We have gotten most of the flooring done. Here is the livingroom when we started. It was where most of the loose stuff wound up.

This is how the livingroom looks now.

Work continues on the floors, but now we are now working on staining and finishing wood trim and cabinets and framing windows.  This is an area that I am pretty picky about because I actually know something about staining and finishing wood.  Some years back we worked on a house that was near completion.  The crew that came in before us were not as careful as we were, and the kitchen cabinets were terrible!  I took them all down, sanded them down and refinished them.  They still did not quite meet my standards, but they were much better.  So today I delayed lunch a little while I put one more coat on a louvered door.  I hate louvered doors!
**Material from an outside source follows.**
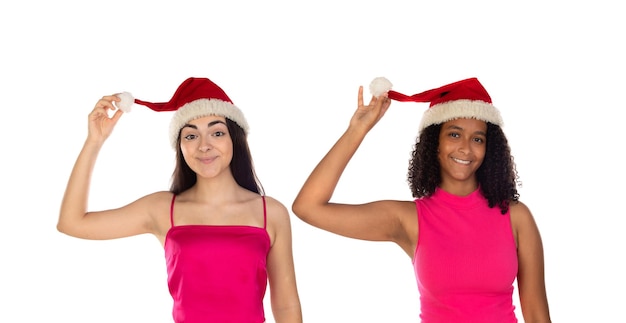 Twee gelukkige lachende meisjes in kerstmutsen kijken naar de camera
Here are Charlotte and Ed cutting wood to be used for trim and baseboards. We will be doing a lot of staining and finishing in the next couple days.
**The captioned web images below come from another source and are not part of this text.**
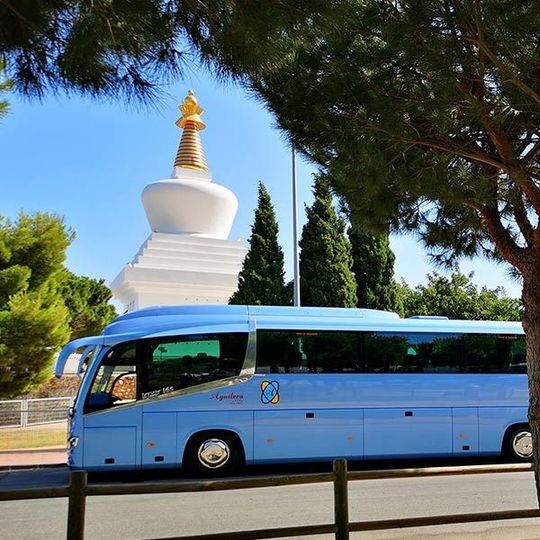 Un autobús azul con la letra m en el costado.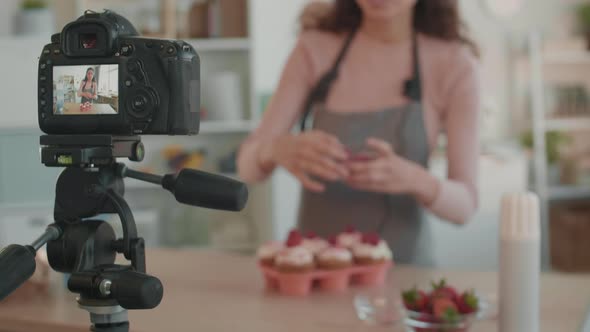 Blurred Woman Being Filmed on Camera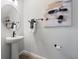 Chic powder room featuring a pedestal sink, round mirror, and modern wall art at 4409 Lions Gate Ave, Clermont, FL 34711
We frequently take an afternoon off and find something fun and interesting to do.  Today we went into nearby Tunica to visit the Tunica River Walk Museum.  It is a lovely place, and we were pretty much the only people there. 

Here is the Mississippi River. It is big. It is muddy. Andy really likes it.

The museum was pretty much empty, which is a shame, as it is a lovely museum.

This is on the wall just by the entrance. There are a lot of these throughout the museum.

This was one of my favorite exhibits. Since the river often changes course, trees and roots frequently find their way to the middle of the river. These obviously present a significant navigational obstacle, so boats like this would go out and haul them out of the river. The wood was then used to fire the boilers and keep the boat going.
This is a pretty cool map. The lighting in the museum was not ideal for shooting pictures and you cannot use a flash for things behind glass, but I took this one anyway. The different colors show how the river changed course over the centuries. Some of those different colors represent periods of decades, others of centuries.
And here are some seriously ugly fish! Andy can tell you what kind they are. I just know that they are ugly.

It is really a very nice museum, and I would recommend it for whoever comes down this way. Unfortunately, not all that many do. For a while, Tunica enjoyed a bit of a boom when casinos opened. There were a whole string of them right down the road from the museum. Then just about every state legalized gambling and the casinos mostly went away. Such is life in the Mississippi Delta.